In ages past ('bout 15 yrs ago), when man flew across the nation he could expect a meal to be served. Occasionally this meal was even hot, and might consist of a chicken dish, mashed potatoes and a vegetable. Somewhere along the way, the airlines decided it was cheaper to offer the ubiquitous "snack box".
Don't get me wrong, the snack box is highly superior to the previous "chicken" and side dishes of dubious nature. For a mere 3$ a person can now purchase $1.50 worth of life-sustaining foodstuffs.
This food is stuff we all know and love in miniature form. My $3 bought me 2 Oreo cookies, a bag of cinnamon-raisin bagel chips, 2 crackers, a square of cheddar cheese spread, 'trail mix', a small plastic knife and a moist towlette. Almost as surprising as the familiarity of the fare is the large amount of calories packed into the little package and my ability to remain hungry after eating it all and licking every crumb from the insides of the wrappers.
The makers of the snack boxes have also thoughtfully managed to remove all flavor from said items. I considered eating the moist towlette just to add a little spice to the “meal”, but decided against it, using it instead for the purpose for which God and nature intended (to wipe my hands, in case you didn't know).
The moist towlette gave me a pleasantly lemony scent, as if I had just dipped my hands in furniture polish. I briefly considered rubbing it under my arms to complete the effect, but determined against it. Instead I’ve saved what’s left of the towlette for later.
As I am a seasoned traveler, I know that having consumed a mere 500 calories I will not make it through the rest of the flight without sustenance. A few years ago I dropped some serious cash on one of those fancy travel bags with the dimensional door built in. Experienced voyagers were therefore unsurprised when I produced a lovely lobster bisque, garlic & rosemary mashed potatoes, asparagus with oyster sauce, an entire rack of lamb, and my signature applesauce cheesecake. To drink I enjoyed a Mt. Dew, served in one of those little plastic cups with the airline logo on it. Did you know they'll let you keep the plastic cup? I asked, it's ok. I'm saving them up, and I'm thinking about building a house out of them when I have enough.

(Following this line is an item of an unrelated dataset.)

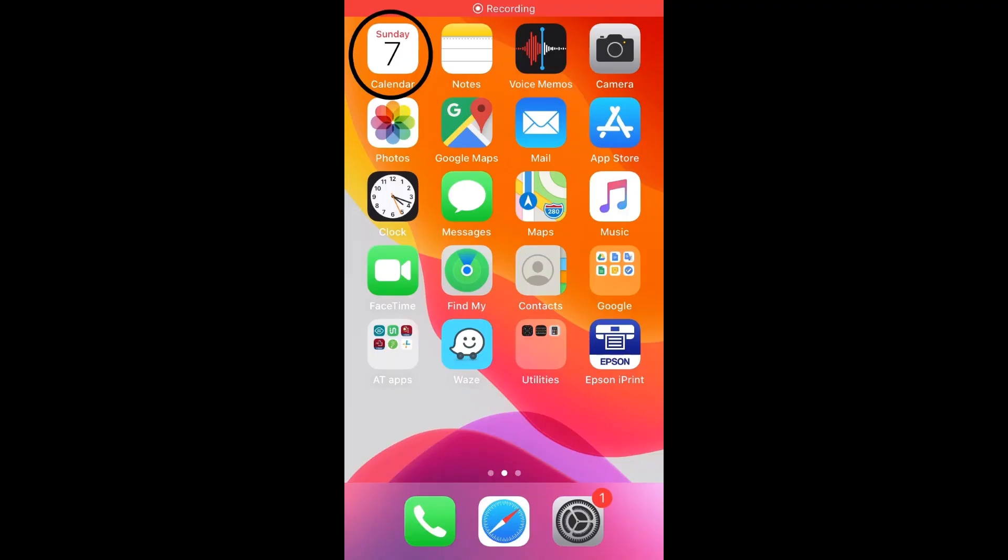The first app that I'd like to show is a calendar app. I'm going to use an iPhone, but of course, the Android phone also comes with a calendar app. So here is the calendar app.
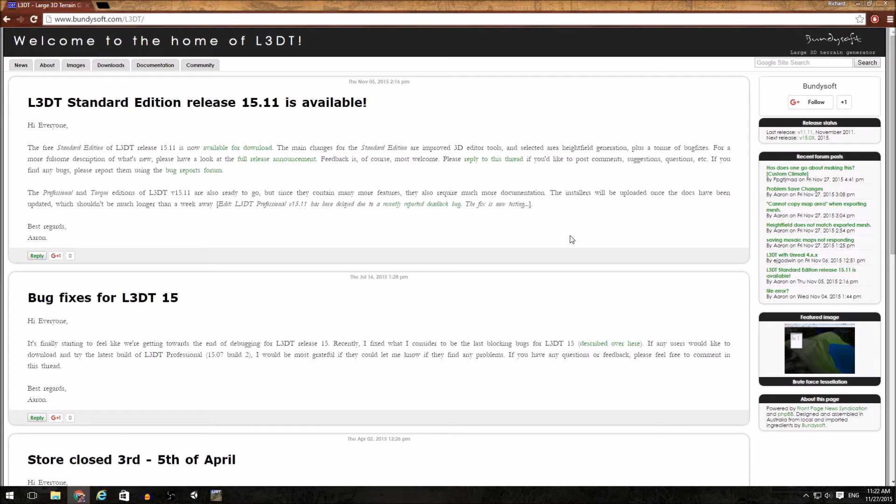Greetings and welcome to the basement. This is an overview video on using the L3DT tool for creating height maps for importing into Unity.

11:17 am Detroit time and only 2 hours in to a 5 hour flight. My seatmate is snoring softly next to me, so I have stuffed my moist towlette up her nose. She is perfectly silent now. I, however, am beginning to suffer the first pangs of a feeling that strikes fear and loathing into the very core of my being - I have to go to the bathroom.
I have never before gone to the bathroom on a plane, and don't intend to start now. I mean, did you hear about that lady who flushed the toilet while she was still on it? Apparently if your behind is big enough to cover the entire seat - and mine is, see section above on my in-flight meal - it can create a seal over the toilet. You see, airplanes get rid of waste via suction, and when you create a seal...well, they had to call paramedics when they landed and surgically remove her from the toilet. I know about this because it actually happened to a friend of a friend of mine1.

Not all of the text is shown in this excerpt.